Sure, but this objection also seems to apply to POST/TD, but for “actually shutting the AI down because it acted catastrophically badly” vs “getting shutdown in cases where humans are in control”. It will depend on the naturalness of this sort of reasoning of course. If you think the AI reasons about these two things exactly identically, then it would be more likely work.
In the absence of deceptive alignment, it seems like we can just add the relevant situations to our training regimen and give higher reward for POST-behaviour, thereby incentivising POST over the other rule.
What about cases where the AI would be able to seize vast amounts of power and humans no longer understand what’s going on?
because agents that lack a preference between each pair of different-length trajectories have no incentive to merely pretend to satisfy Timestep Dominance.
It seems like you’re assuming a particular sequencing here where you get a particular preference early and then this avoids you getting deceptive alignment later. But, you could also have that the AI first has the preference you wanted and then SGD makes it deceptively aligned later with different preferences and it merely pretends later. (If e.g., inductive biases favor deceptive alignment.)
What about cases where the AI would be able to seize vast amounts of power and humans no longer understand what’s going on?
Maybe this is fine because you can continuously adjust to real deployment regimes with crazy powerful AIs while still applying the training process? I’m not sure. Certainly this breaks some hopes which require only imparting these preferences in the lab (but that was always dubious).
It seems like your proposal in the post (section 16) requires some things could be specific to the lab setting (perfect replayability for instance). (I’m also scared about overfitting due to a huge number of trajectories on the same environment and input.) Separately, the proposal in section 16 seems pretty dubious to me and I think I can counterexample it pretty well even in the regime where n is infinite. I’m also not sold by the claim that stocastically choosing generalizes how you want. I see the footnote, but I think my objection stands.

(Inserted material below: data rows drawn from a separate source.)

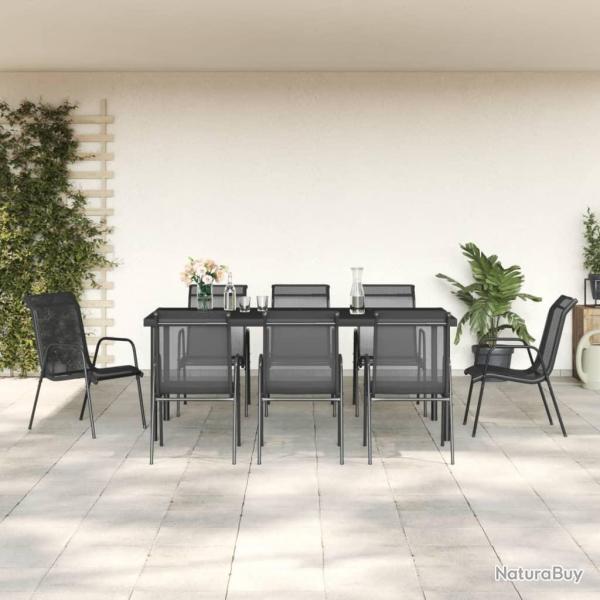 Ensemble de repas 9 pi�ces noir, en textil�ne et acier, pour le jardin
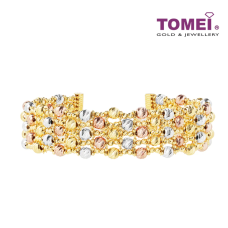 TOMEI Lusso Italia Tri-Tone Layered Bracelet, Yellow Gold 916 (IM-ORI1208-3C)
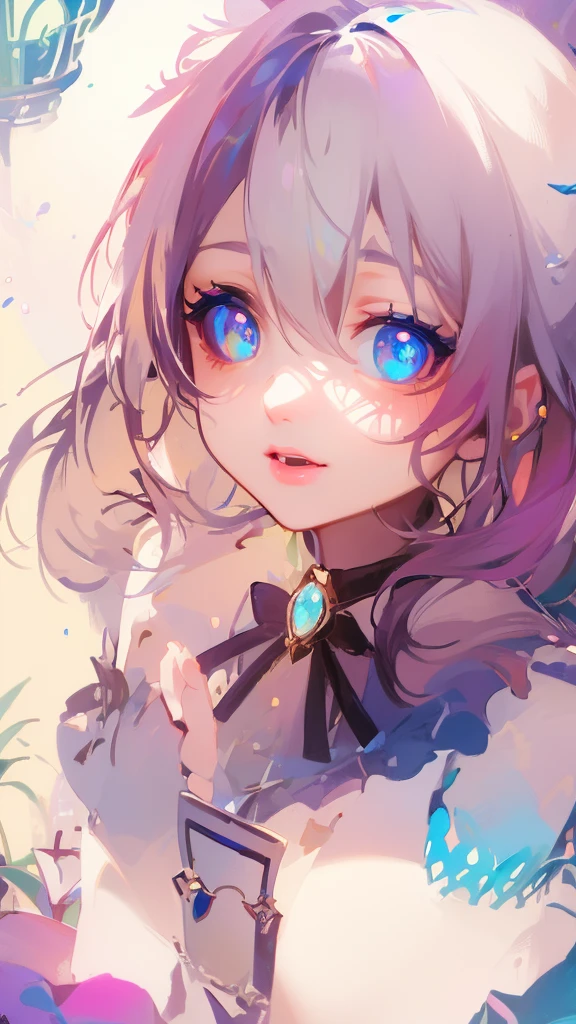 a beautiful young woman with detailed eyes and delicate facial features, floating in a colorful, whimsical scene with disheveled hair, surrounded by vibrant splashes of water, shimmering bubbles, and a lush, mushroom-filled forest in the background, (best quality, 4k, 8k, highres, masterpiece:1.2), ultra-detailed, (realistic, photorealistic, photo-realistic:1.37), detailed eyes, beautiful detailed lips, extremely detailed eyes and face, long eyelashes, 1girl, digital art, intricate, highly detailed, vivid colors, colorful, fantasy, magical, dreamlike, surreal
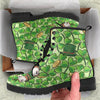 St Patrick's Day Shamrock Pattern Print Men Women Leather Boots-grizzshop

Yes, nice point; I plan to think more about issues like this. But note that in general, the agent overtly doing what it wants and not getting shut down seems like good news for the agent’s future prospects. It suggests that we humans are more likely to cooperate than the agent previously thought. That makes it more likely that overtly doing the bad thing timestep-dominates stealthily doing the bad thing.
I think there is probably a much simpler proposal that captures the spirt of this and doesn’t require any of these moving parts. I’ll think about this at some point. I think there should be a relatively simple and more intuitive way to make your AI expose it’s preferences if you’re willing to depend on arbitrarily far generalization, on getting your AI to care a huge amount about extremely unlikely conditionals, and on coordinating humanity in these unlikely conditionals.
I think there is probably a much simpler proposal that captures the spirt of this and doesn’t require any of these moving parts. I’ll think about this at some point.
Okay, interested to hear what you come up with! But I dispute that my proposal is complex/involves a lot of moving parts/depends on arbitrarily far generalization. My comment above gives more detail but in brief: POST seems simple, and TD follows on from POST plus principles that we can expect any capable agent to satisfy. POST guards against deceptive alignment in training for TD, and training for POST and TD doesn’t run into the same barriers to generalization as we see when we consider training for honesty.
I think there should be a way to get the same guarantees that only requires considering a single different conditional which should be much easier to reason about.
Maybe something like “what would you do in the conditional where humanity gives you full arbitrary power”.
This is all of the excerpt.